Task input

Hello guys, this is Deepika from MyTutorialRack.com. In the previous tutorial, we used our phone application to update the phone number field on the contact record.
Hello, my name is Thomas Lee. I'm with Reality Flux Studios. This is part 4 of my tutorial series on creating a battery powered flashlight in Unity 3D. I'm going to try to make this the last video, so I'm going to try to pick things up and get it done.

---

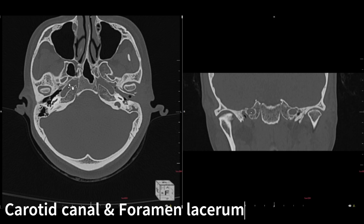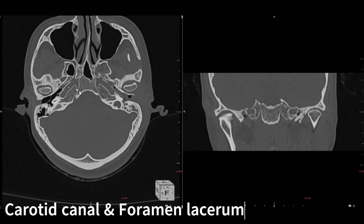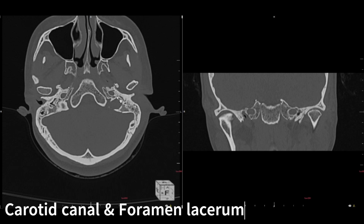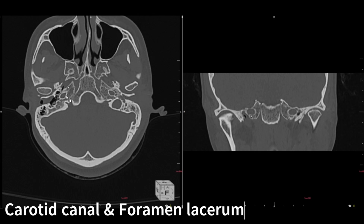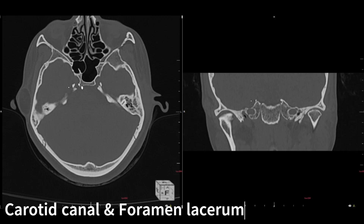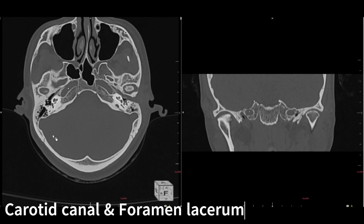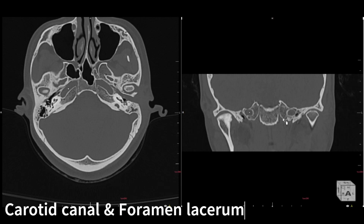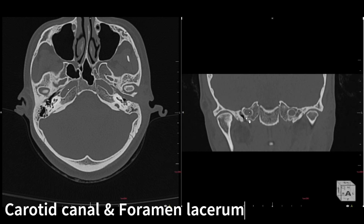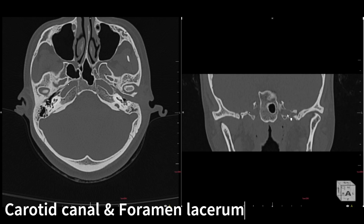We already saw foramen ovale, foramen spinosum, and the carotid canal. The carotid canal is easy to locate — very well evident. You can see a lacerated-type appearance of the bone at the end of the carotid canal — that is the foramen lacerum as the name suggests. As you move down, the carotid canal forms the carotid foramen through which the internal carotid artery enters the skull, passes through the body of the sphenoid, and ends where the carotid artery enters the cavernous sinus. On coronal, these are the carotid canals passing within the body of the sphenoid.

Instructions for the task
Which of the lines above include the string "this"? Pick them out and copy them.

Task solution
Hello guys, this is Deepika from MyTutorialRack.com. In the previous tutorial, we used our phone application to update the phone number field on the contact record.
Hello, my name is Thomas Lee. I'm with Reality Flux Studios. This is part 4 of my tutorial series on creating a battery powered flashlight in Unity 3D. I'm going to try to make this the last video, so I'm going to try to pick things up and get it done.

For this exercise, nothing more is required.